Em 1992, a maioria dos calaus asiáticos foram incluídos na Convenção sobre o Comércio Internacional de Espécies Ameaçadas de Fauna e Flora Selvagens (CITES), que estipula proteções para determinadas espécies. O objetivo é que a sua comercialização não põe em risco as populações selvagens e as espécies.
Embora a maioria dos calaus asiáticos tenha recebido proteção da CITES em 1992, as espécies africanas continuam amplamente desprotegidas e o seu comércio internacional a não estar regulado.
Os investigadores, com base em dados do serviço de pescas e vida selvagem dos Estados Unidos da América (USFWS), de 1999 a 2024, revelam que quase 95% dos calaus comercializados internacionalmente são espécies oriundas de África e que o seu comércio aumentou “significativamente” nesse período. Por outro lado, o comércio de calaus asiáticos tem mantido constância, algo atribuído às regulações impostas pela CITES.

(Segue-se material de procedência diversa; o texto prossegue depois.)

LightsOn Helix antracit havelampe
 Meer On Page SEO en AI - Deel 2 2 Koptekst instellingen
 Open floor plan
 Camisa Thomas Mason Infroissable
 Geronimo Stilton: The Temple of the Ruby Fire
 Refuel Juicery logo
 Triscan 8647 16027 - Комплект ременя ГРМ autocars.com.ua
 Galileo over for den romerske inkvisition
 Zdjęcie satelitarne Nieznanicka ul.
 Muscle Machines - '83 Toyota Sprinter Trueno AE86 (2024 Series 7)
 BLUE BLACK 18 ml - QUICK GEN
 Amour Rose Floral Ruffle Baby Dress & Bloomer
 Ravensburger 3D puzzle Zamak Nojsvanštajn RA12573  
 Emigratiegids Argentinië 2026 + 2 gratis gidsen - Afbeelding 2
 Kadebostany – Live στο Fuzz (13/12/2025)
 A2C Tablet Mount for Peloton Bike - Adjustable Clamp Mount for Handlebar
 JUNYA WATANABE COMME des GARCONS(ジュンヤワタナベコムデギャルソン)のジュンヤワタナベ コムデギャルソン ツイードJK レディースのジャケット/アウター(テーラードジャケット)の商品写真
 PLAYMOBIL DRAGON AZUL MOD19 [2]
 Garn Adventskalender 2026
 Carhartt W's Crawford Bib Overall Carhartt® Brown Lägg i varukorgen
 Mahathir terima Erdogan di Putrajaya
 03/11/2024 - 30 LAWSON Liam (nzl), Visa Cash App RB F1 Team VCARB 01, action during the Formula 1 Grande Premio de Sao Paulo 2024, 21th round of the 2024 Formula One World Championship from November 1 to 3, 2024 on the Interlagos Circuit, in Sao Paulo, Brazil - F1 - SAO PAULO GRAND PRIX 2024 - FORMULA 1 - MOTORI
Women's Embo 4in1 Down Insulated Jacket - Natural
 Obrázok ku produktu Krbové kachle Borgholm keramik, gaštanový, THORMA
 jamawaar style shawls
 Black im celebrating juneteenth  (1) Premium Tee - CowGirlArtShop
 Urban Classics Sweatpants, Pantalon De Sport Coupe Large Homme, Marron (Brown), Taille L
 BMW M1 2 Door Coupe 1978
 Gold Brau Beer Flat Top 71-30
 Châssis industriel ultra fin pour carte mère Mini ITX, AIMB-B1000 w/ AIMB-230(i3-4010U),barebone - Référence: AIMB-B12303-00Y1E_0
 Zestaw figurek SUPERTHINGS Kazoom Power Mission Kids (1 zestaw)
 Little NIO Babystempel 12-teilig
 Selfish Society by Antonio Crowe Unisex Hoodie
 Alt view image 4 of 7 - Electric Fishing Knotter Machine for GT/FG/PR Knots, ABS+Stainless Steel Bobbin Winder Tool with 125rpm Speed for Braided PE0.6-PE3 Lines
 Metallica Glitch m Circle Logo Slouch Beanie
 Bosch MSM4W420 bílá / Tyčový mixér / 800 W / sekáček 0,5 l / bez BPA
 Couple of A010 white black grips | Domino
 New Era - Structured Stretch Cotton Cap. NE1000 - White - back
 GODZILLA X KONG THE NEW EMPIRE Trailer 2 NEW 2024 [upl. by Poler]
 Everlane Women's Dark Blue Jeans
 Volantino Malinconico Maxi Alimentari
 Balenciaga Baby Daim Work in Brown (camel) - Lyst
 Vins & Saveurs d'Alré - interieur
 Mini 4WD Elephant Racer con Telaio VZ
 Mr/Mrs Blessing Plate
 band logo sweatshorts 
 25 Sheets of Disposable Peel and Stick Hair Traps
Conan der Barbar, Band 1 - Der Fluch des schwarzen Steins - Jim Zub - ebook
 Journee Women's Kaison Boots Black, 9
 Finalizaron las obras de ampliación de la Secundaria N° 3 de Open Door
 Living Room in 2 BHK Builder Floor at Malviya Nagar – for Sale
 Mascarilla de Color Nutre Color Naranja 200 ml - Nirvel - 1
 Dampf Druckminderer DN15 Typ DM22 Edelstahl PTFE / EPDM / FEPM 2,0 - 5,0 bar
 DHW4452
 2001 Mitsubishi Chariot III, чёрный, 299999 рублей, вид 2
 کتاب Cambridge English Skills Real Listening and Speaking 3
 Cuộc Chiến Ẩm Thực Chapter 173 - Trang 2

De acordo com os dados, os Camarões foram os principais exportadores de calaus africanos para os EUA ao longo desses 25 anos, representando cerca de 25% de todos os calaus que entraram no país americano. A Tanzânia surge como segundo maior exportador, seguida pelo Senegal e pela Guiné.
Até 2004, a maioria dos calaus enviados para os EUA provieram da África Oriental, mas de então até 2020 a principal origem eram os países da África Ocidental. Contudo, após 2021, os Camarões e a República Democrática do Congo surgiram como os principais exportadores de calaus africanos para os EUA.
Revela a investigação científica que cerca de 45% de todos os calaus exportados para o país americano eram animais vivos, e os investigadores pensam que terão sido capturados diretamente nos seus habitats naturais, uma vez que, como dizem, é muito difícil criar calaus em cativeiro.
No entanto, o comércio dentro de África é também motivo de preocupação. A maioria dos calaus comercializados entre os países africanos envolve a decapitação das aves, pois o intento principal é vender os seus icónicos bicos.

Cientistas e conservacionistas alertam que a crescente procura por calaus africanos tem provocado declínios populacionais por todos os países onde essas aves ocorrem. Todos os géneros de calaus são comercializados internacionalmente, mas mais de 80% do comércio afeta sobretudo quatro: Ceratogymna, Bycanistes, Tockus e Lophoceros.
Os autores desta investigação estimam que o comércio de calaus Ceratogymna e Bycanistes para os EUA provavelmente será superior ao comércio global de todos os géneros de calaus asiáticos antes de terem sido protegidos pela CITES.
Entre as espécies mais comercializadas estão duas classificadas como vulneráveis ao risco de extinção pela União Internacional para a Conservação da Natureza: Bycanistes cylindricus e Ceratogymna elata. Para essas, a falta de regulação do seu comércio representa uma ameaça existencial.
Num texto publicado na página online da organização International Bird Conservation Partnership, Nico Arcilla, um dos autores do artigo, defende, refletindo a urgência dos resultados do estudo, que o calaus africanos devem ser legalmente protegidos ao abrigo da CITES, em particular no Apêndice II, constituído, essencialmente, por espécies de fauna e de flora que, embora não o estejam nesse momento, possam vir a ser empurradas para o limiar da extinção se a sua comercialização não foi devidamente regulada.
Contudo, mesmo isso poderá não ser suficiente. No artigo, Arcilla e os colegas escrevem que é necessário reduzir a procura por calaus nos EUA, que é um dos principais motores do comércio internacional de todas as espécies dessas aves.
Importantes dispersores de sementes e parte integrante da biodiversidade que caracteriza os locais onde vivem, o desaparecimento dos calaus teria amplas consequências negativas, para os ecossistemas e para as comunidades que mais deles dependem.